When the White Sox celebrated their 2005 World Series title in Houston, the experience felt both too intimate and too exclusionary.

The players' families couldn't fit into the crowded clubhouse to share the champagne. When the party moved to Minute Maid Park's infield, the stadium's enormity dwarfed the occasion.

Moreover, I remember Jermaine Dye's father and other parents watching from the infield dirt when the action centered around the mound. Maybe that's the right tack to take when your sons are a little older.

On the other hand, the youthful Blackhawks' postgame celebration in Philadelphia felt perfect.

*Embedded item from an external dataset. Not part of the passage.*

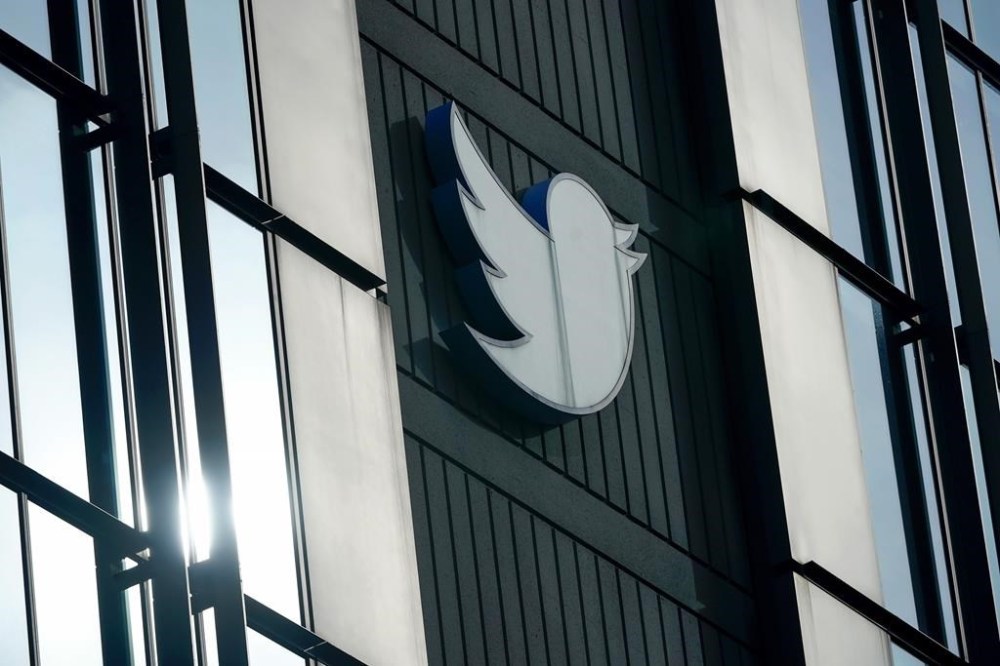 FILE - A Twitter logo hangs outside the company's offices in San Francisco, Dec. 19, 2022. Service alerts for subways, commuter trains and buses in New York City were back on Twitter, Thursday, May 4, 2023, a week after transit officials balked at paying the platform for access. (AP Photo/Jeff Chiu, File)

Winning the Stanley Cup has been a lifelong dream and sacrifice for so many families - and the NHL got it right by allowing fathers and mothers and brothers and sisters and sons and daughters to share the ice for an hour. Some of the scenes imprinted in my mind:

• Forward Kris Versteeg with his arms spread wide to hug his family.

• Defenseman Brent Sopel taking turns hoisting the 34-pound Cup with his children and his wife. Sopel's smile was just beautiful.

• Conn Smythe winner Jonathan Toews doing an interview and his mother, Andree, in her red Toews sweater stepping backward carefully on the ice in order to capture the whole scene on her camera.

What a pleasure to share a sense of their joy in the moments after their triumph.